(WORK REQUEST)
From start to end, write out the following data exactly, apart from its images.

(COLLECTED DATA)
════

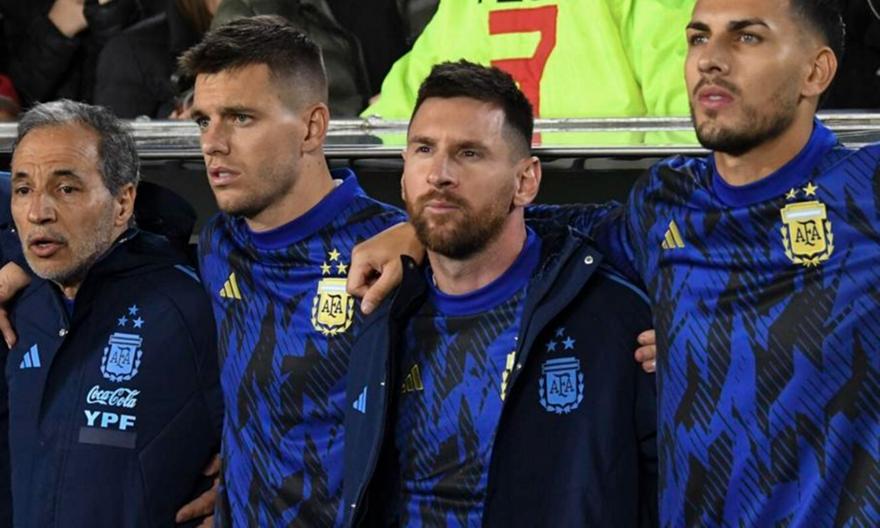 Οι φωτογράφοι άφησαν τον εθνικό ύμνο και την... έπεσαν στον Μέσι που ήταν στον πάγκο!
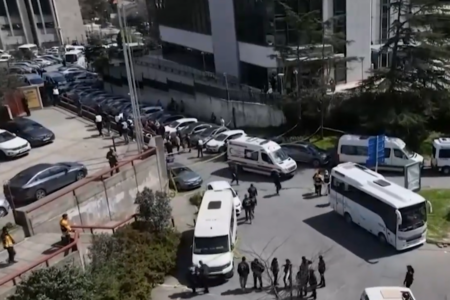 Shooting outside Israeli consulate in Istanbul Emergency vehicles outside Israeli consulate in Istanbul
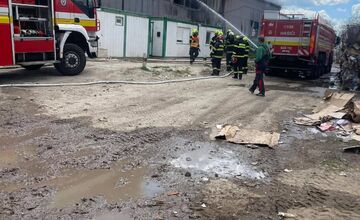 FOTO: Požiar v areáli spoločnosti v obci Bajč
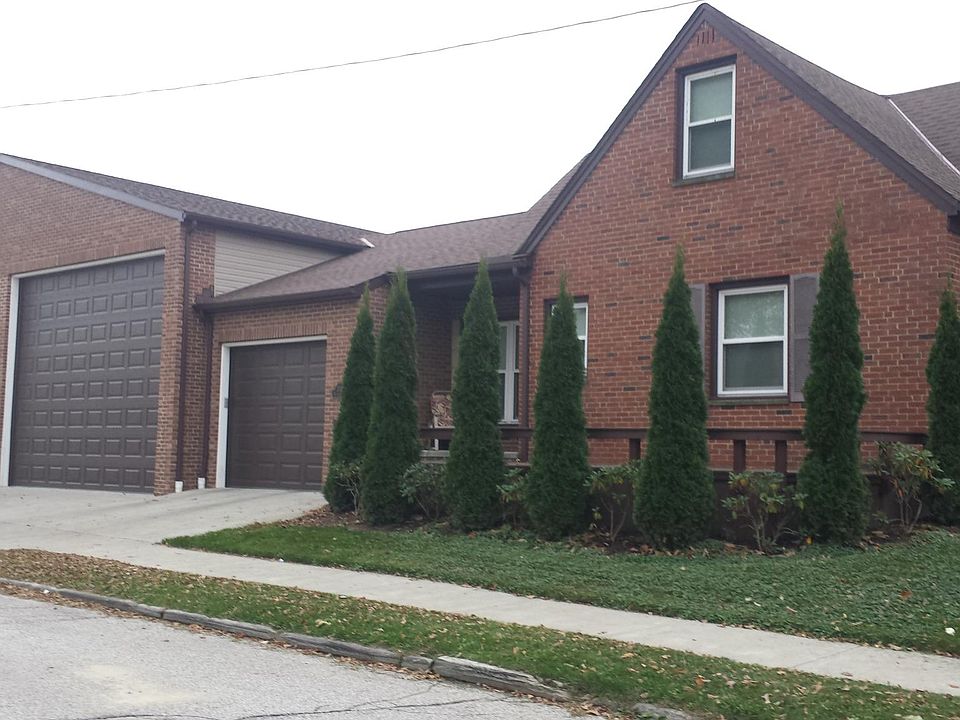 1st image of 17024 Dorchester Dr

════

(EXERCISE RESPONSE)
 Οι φωτογράφοι άφησαν τον εθνικό ύμνο και την... έπεσαν στον Μέσι που ήταν στον πάγκο!
 Shooting outside Israeli consulate in Istanbul Emergency vehicles outside Israeli consulate in Istanbul
 FOTO: Požiar v areáli spoločnosti v obci Bajč
 1st image of 17024 Dorchester Dr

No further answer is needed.